[[ DATA RECORDS open ]]

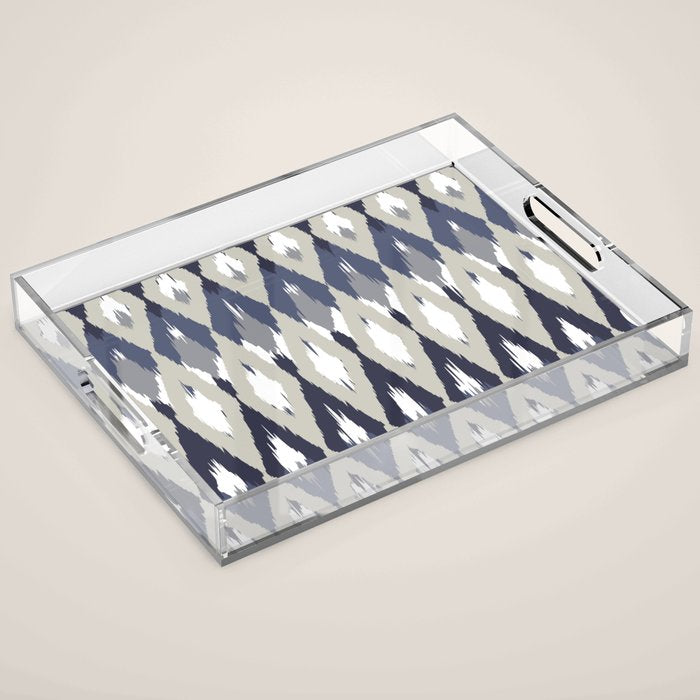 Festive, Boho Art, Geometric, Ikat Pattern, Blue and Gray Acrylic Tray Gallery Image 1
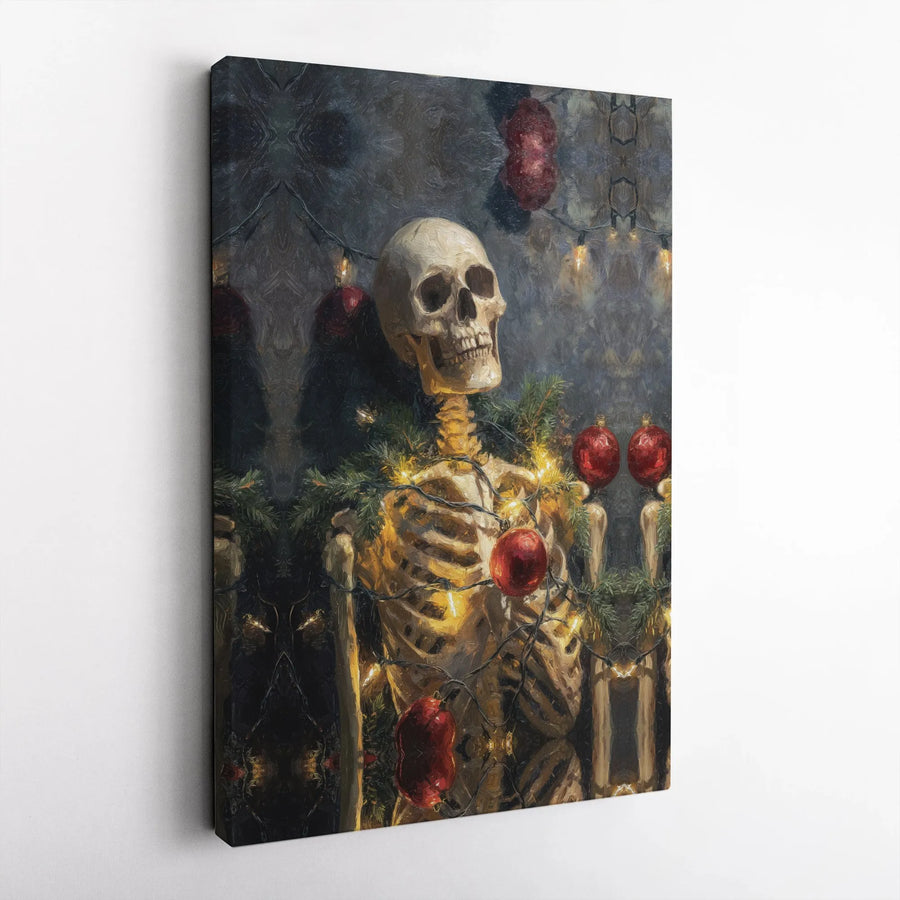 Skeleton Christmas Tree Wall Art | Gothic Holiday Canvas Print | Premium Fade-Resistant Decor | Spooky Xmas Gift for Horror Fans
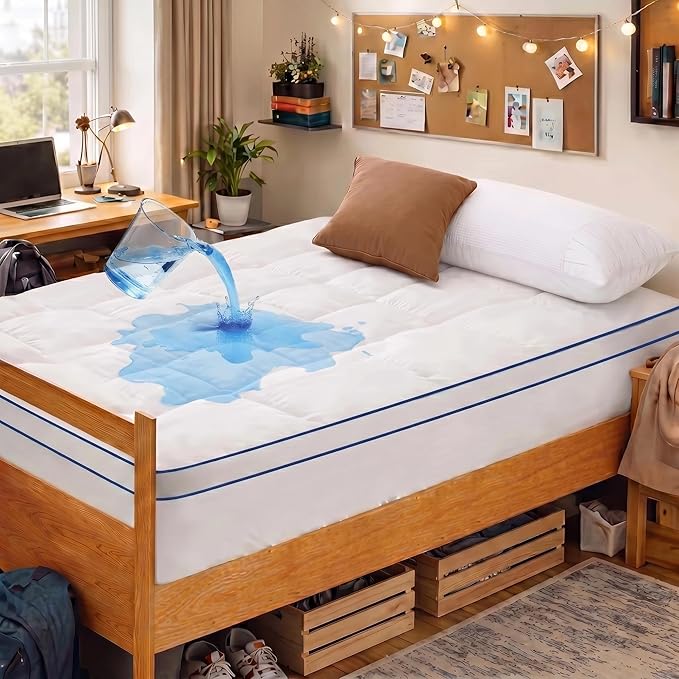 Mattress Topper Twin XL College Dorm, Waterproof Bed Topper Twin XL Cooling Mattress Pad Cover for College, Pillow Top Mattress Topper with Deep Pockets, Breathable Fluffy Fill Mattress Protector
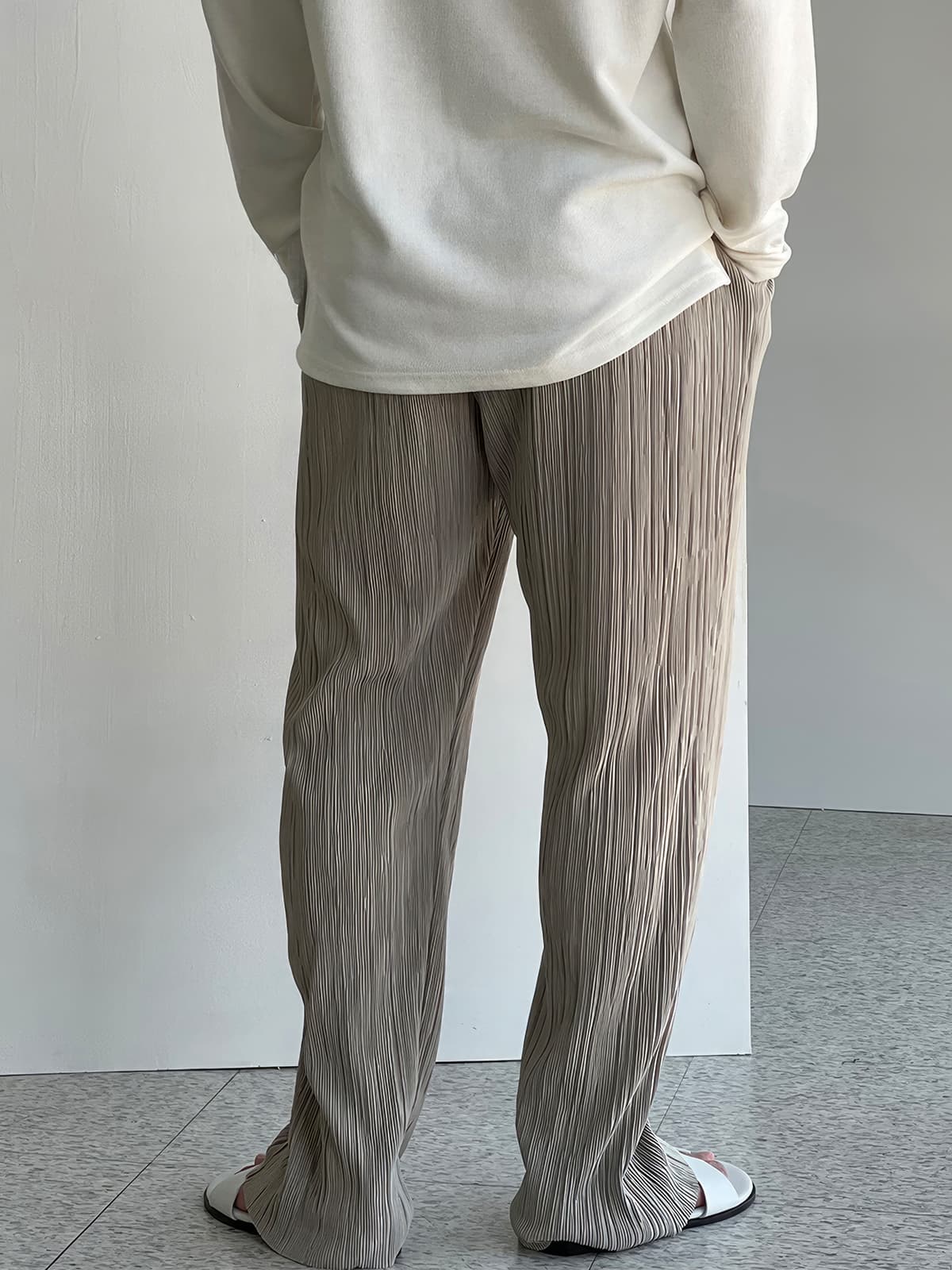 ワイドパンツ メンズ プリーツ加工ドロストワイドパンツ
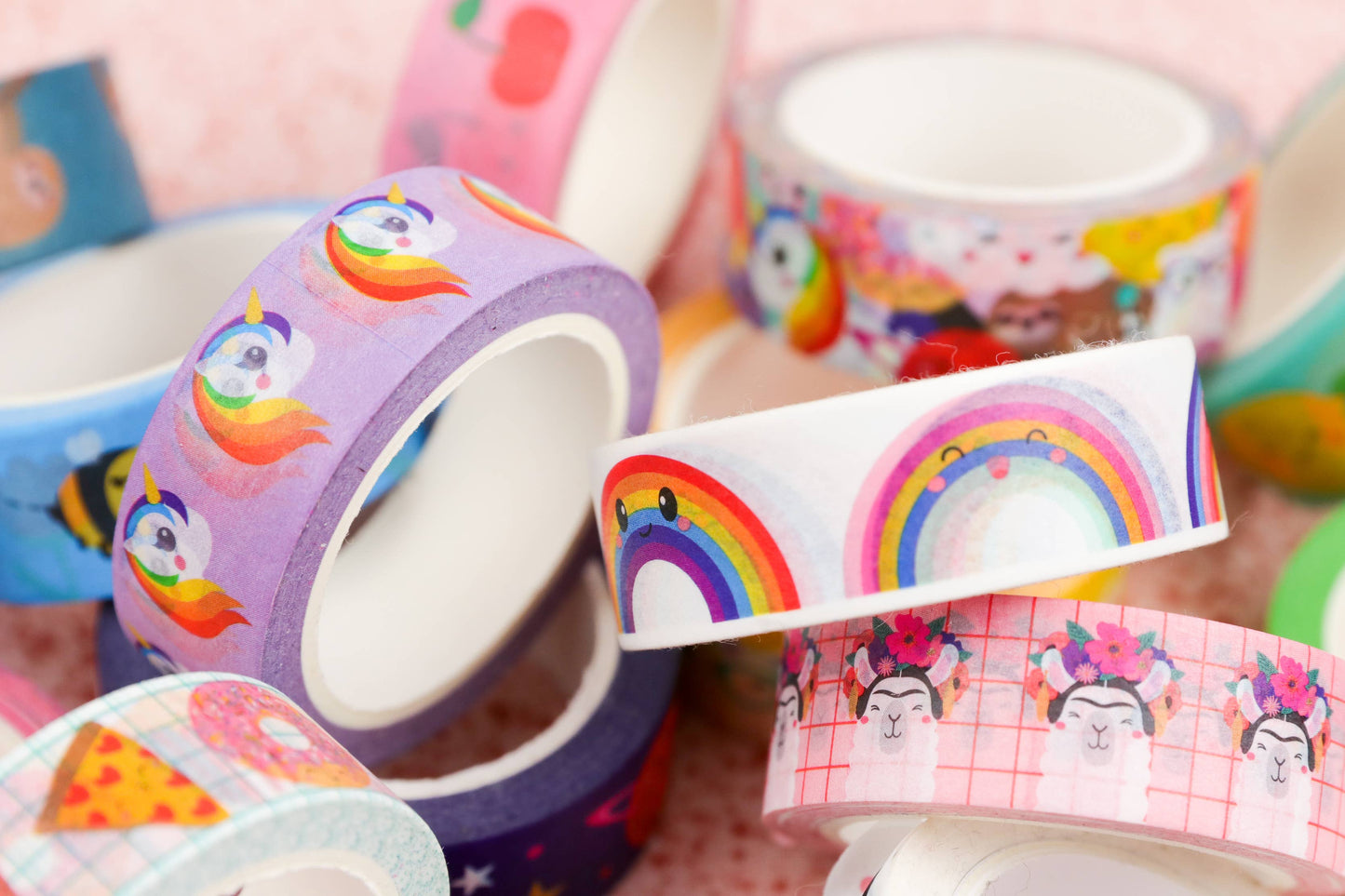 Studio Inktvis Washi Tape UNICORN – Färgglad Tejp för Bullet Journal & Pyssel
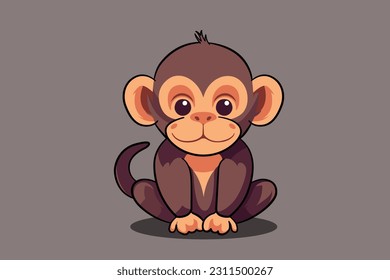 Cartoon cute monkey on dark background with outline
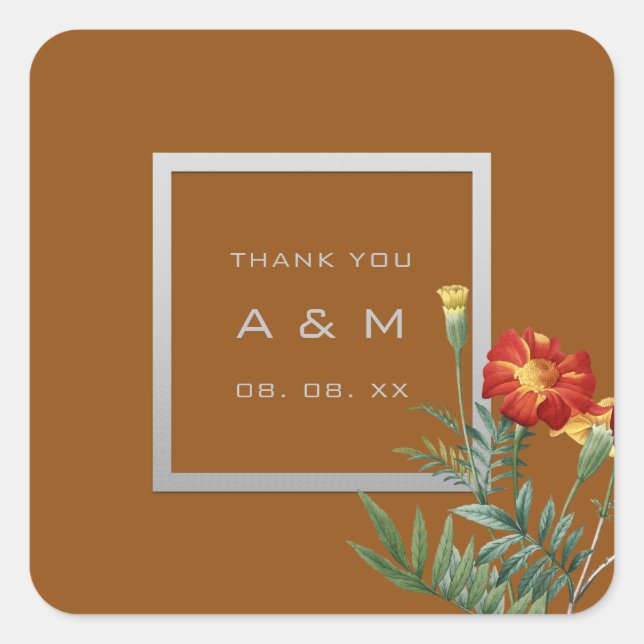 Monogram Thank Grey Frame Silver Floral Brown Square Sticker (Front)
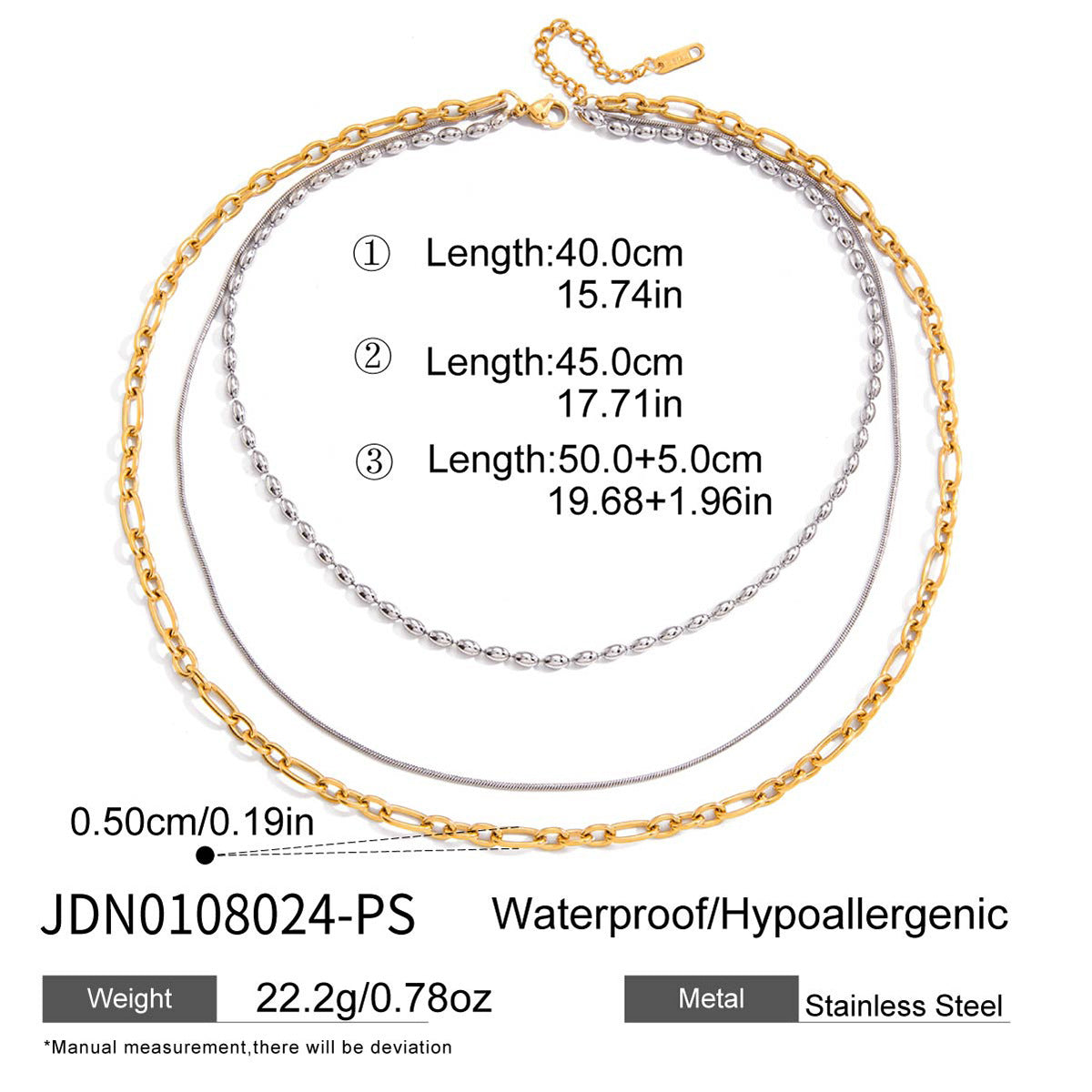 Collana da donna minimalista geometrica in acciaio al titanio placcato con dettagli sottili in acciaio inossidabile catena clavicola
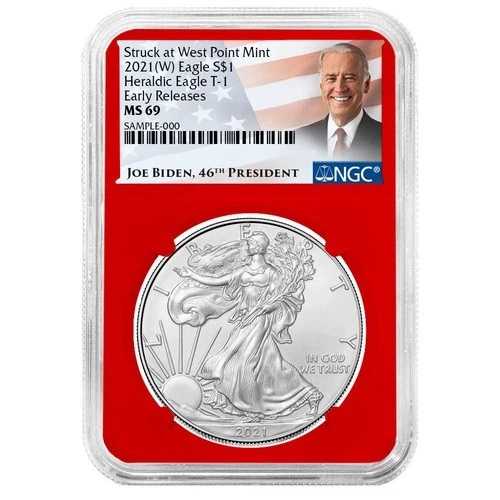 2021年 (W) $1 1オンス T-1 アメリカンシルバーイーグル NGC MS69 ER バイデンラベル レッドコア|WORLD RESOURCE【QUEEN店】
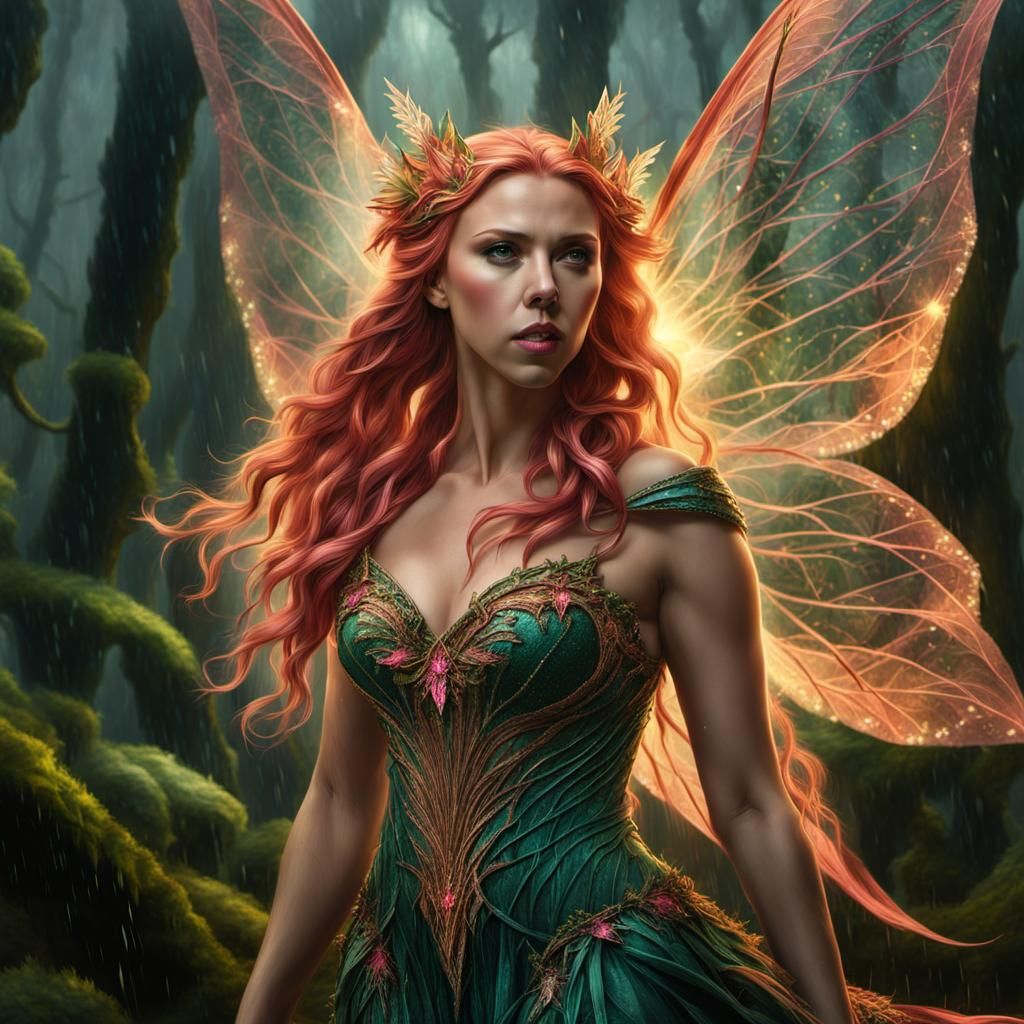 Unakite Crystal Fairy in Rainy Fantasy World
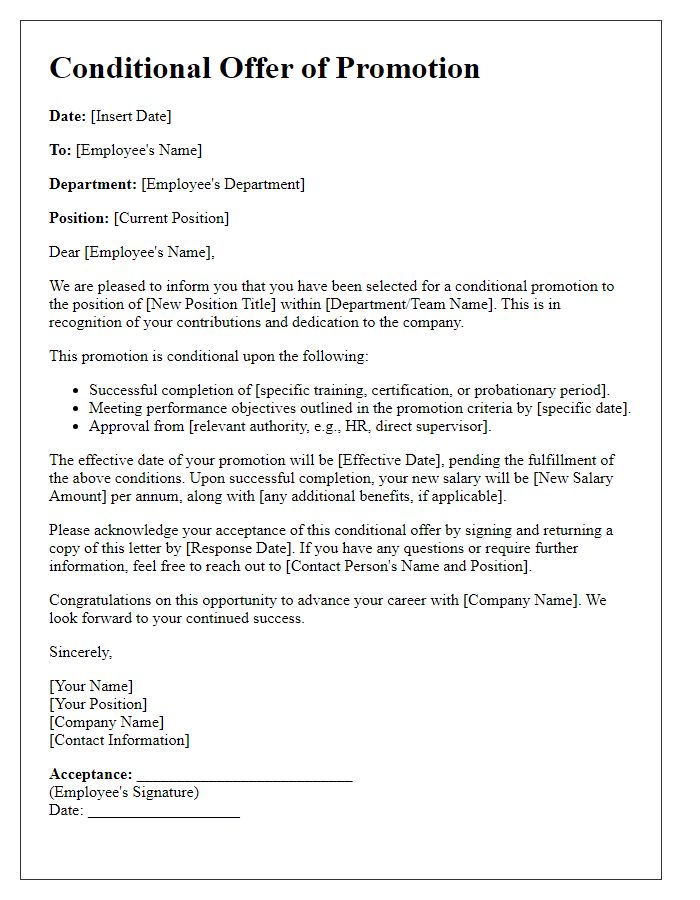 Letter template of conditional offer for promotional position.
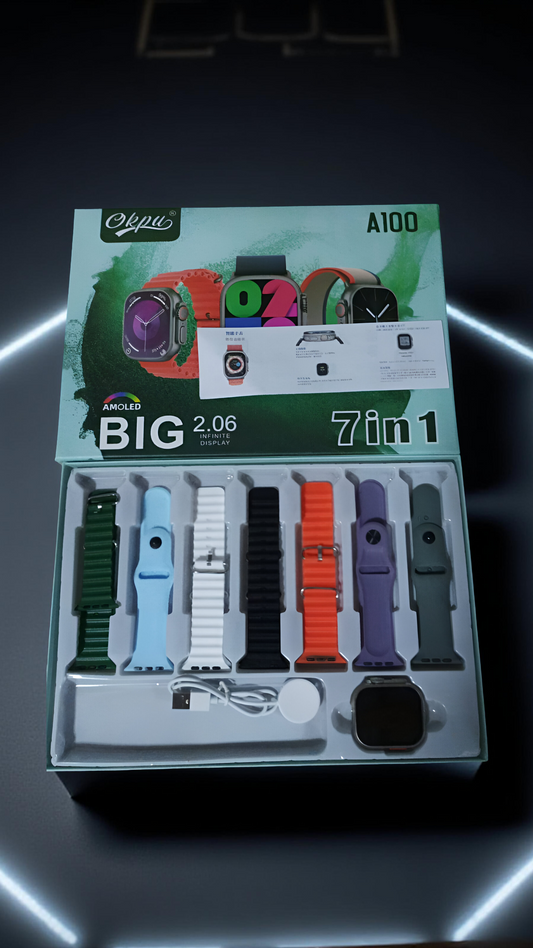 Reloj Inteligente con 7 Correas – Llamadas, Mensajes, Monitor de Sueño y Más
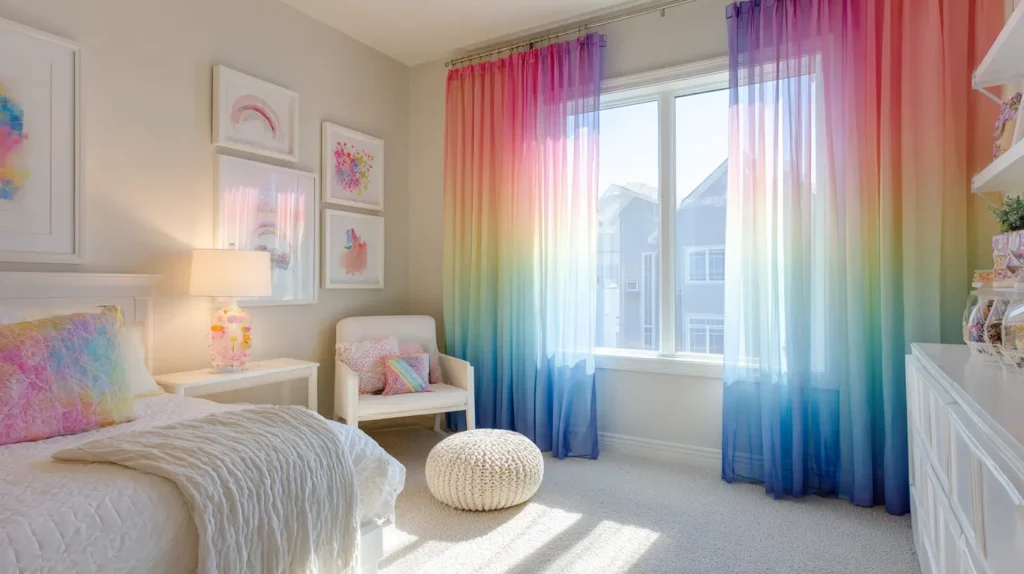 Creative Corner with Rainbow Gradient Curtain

[[ DATA RECORDS closed ]]

> WHAT IS EXPECTED: With the pictures removed, please retype each record exactly.

> EXPECTED ANSWER:
 Festive, Boho Art, Geometric, Ikat Pattern, Blue and Gray Acrylic Tray Gallery Image 1
 Skeleton Christmas Tree Wall Art | Gothic Holiday Canvas Print | Premium Fade-Resistant Decor | Spooky Xmas Gift for Horror Fans
 Mattress Topper Twin XL College Dorm, Waterproof Bed Topper Twin XL Cooling Mattress Pad Cover for College, Pillow Top Mattress Topper with Deep Pockets, Breathable Fluffy Fill Mattress Protector
 ワイドパンツ メンズ プリーツ加工ドロストワイドパンツ
 Studio Inktvis Washi Tape UNICORN – Färgglad Tejp för Bullet Journal & Pyssel
 Cartoon cute monkey on dark background with outline
 Monogram Thank Grey Frame Silver Floral Brown Square Sticker (Front)
 Collana da donna minimalista geometrica in acciaio al titanio placcato con dettagli sottili in acciaio inossidabile catena clavicola
 2021年 (W) $1 1オンス T-1 アメリカンシルバーイーグル NGC MS69 ER バイデンラベル レッドコア|WORLD RESOURCE【QUEEN店】
 Unakite Crystal Fairy in Rainy Fantasy World
 Letter template of conditional offer for promotional position.
 Reloj Inteligente con 7 Correas – Llamadas, Mensajes, Monitor de Sueño y Más
 Creative Corner with Rainbow Gradient Curtain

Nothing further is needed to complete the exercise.